💾 Archived View for uscoffings.net › tech › programming › memory-barriers.gmi captured on 2023-03-20 at 18:10:35. Gemini links have been rewritten to link to archived content

-=-=-=-=-=-=-

Memory Barriers

[date: 2013-10-04]

I can't seem to keep the details of memory ordering and memory barriers fresh in my mind, so this time I am taking notes.

References

Memory Ordering in Modern Microprocessors by Paul E. McKenney

Reordering Constraints for Pthread-Style Locks](http://www.hpl.hp.com/techreports/2005/HPL-2005-217R1.pdf by Hans-J. Boehm

http://www.mjmwired.net/kernel/Documentation/memory-barriers.txt

Background

Processors used to be slow, in-order, and single-core. Now they are fast, out-of-order, and multi-core.

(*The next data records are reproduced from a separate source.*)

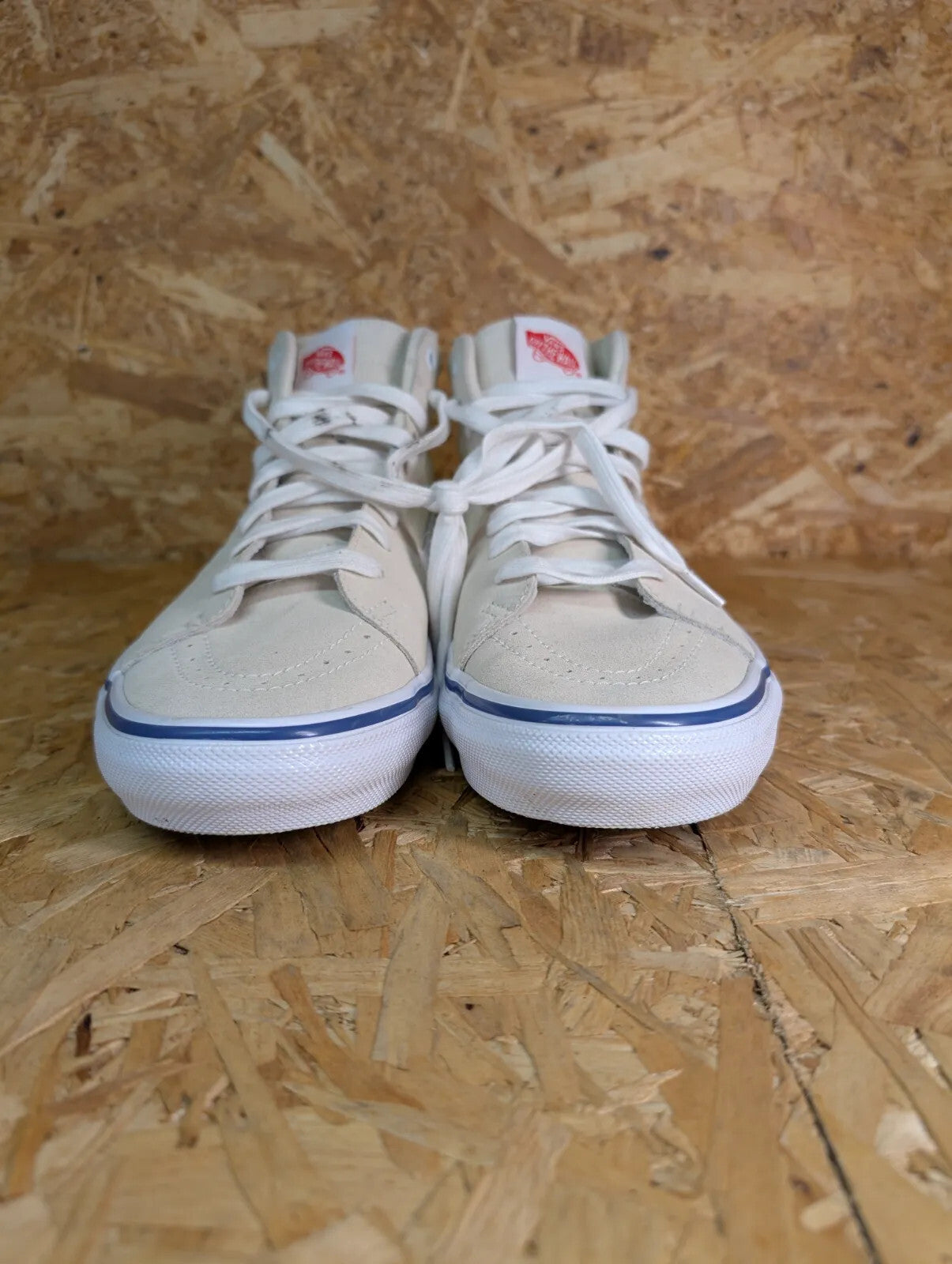 Vans High Top Trainers UK9.5 Cream Canvas Suede Logo Skateboarding Streetwear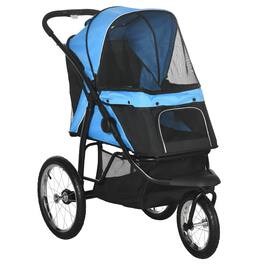 Pawhut - 3 Wheels Pet Stroller for Small & Medium Dogs, Foldable Cat Jogger with Adjustable Canopy, Safety Tether, Cushion
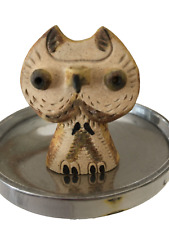 Rare JACKY COVILLE French Ceramic Petite Owl Chouette Sculpture 2.25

It's the out-of-order memory accesses, combined with multi-core, that really cause the problems. Where do these out-of-order memory accesses come from?

The compiler may reorder your code, at least between sequence points.
The CPU may execute the instructions out-of-order. The visible effect is that memory references occur out of order. Processors do this to varying degrees, as summarized on "Memory Ordering" at Wikipedia.
CPUs may see other CPUs' writes out-of-order, due to per-CPU cache design. Section "Why Reorder Memory Accesses?" of [1] discusses this. In summary, CPUs are now so fast that each needs multiple independent cache banks. One bank may be busy, while the other may be idle. A write to the idle bank may become globally visible before an earlier write to the busy bank.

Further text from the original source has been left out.